◆ **Work instruction**: Would you print the full listing word for word?
===== Records supplied =====
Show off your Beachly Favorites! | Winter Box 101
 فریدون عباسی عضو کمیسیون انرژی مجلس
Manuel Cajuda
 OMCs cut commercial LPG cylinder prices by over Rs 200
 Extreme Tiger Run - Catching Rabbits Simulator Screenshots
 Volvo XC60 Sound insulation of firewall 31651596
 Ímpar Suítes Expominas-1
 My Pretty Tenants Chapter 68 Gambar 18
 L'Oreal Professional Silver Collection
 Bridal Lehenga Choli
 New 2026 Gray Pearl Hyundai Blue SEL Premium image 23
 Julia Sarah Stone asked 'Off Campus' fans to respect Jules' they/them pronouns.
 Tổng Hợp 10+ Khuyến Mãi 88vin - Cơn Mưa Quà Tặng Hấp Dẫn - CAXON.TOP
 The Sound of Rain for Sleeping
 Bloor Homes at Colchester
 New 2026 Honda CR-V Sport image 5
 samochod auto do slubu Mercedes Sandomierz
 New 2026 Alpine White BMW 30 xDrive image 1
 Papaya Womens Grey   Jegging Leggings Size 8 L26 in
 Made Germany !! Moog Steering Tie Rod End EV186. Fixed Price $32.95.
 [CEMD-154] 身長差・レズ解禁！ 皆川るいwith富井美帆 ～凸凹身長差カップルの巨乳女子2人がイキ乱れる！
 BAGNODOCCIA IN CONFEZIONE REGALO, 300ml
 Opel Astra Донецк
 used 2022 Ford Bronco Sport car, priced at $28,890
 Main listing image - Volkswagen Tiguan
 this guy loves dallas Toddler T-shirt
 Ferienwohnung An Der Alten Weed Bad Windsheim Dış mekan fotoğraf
=====
◆ **Task solution**:
Show off your Beachly Favorites! | Winter Box 101
 فریدون عباسی عضو کمیسیون انرژی مجلس
Manuel Cajuda
 OMCs cut commercial LPG cylinder prices by over Rs 200
 Extreme Tiger Run - Catching Rabbits Simulator Screenshots
 Volvo XC60 Sound insulation of firewall 31651596
 Ímpar Suítes Expominas-1
 My Pretty Tenants Chapter 68 Gambar 18
 L'Oreal Professional Silver Collection
 Bridal Lehenga Choli
 New 2026 Gray Pearl Hyundai Blue SEL Premium image 23
 Julia Sarah Stone asked 'Off Campus' fans to respect Jules' they/them pronouns.
 Tổng Hợp 10+ Khuyến Mãi 88vin - Cơn Mưa Quà Tặng Hấp Dẫn - CAXON.TOP
 The Sound of Rain for Sleeping
 Bloor Homes at Colchester
 New 2026 Honda CR-V Sport image 5
 samochod auto do slubu Mercedes Sandomierz
 New 2026 Alpine White BMW 30 xDrive image 1
 Papaya Womens Grey   Jegging Leggings Size 8 L26 in
 Made Germany !! Moog Steering Tie Rod End EV186. Fixed Price $32.95.
 [CEMD-154] 身長差・レズ解禁！ 皆川るいwith富井美帆 ～凸凹身長差カップルの巨乳女子2人がイキ乱れる！
 BAGNODOCCIA IN CONFEZIONE REGALO, 300ml
 Opel Astra Донецк
 used 2022 Ford Bronco Sport car, priced at $28,890
 Main listing image - Volkswagen Tiguan
 this guy loves dallas Toddler T-shirt
 Ferienwohnung An Der Alten Weed Bad Windsheim Dış mekan fotoğraf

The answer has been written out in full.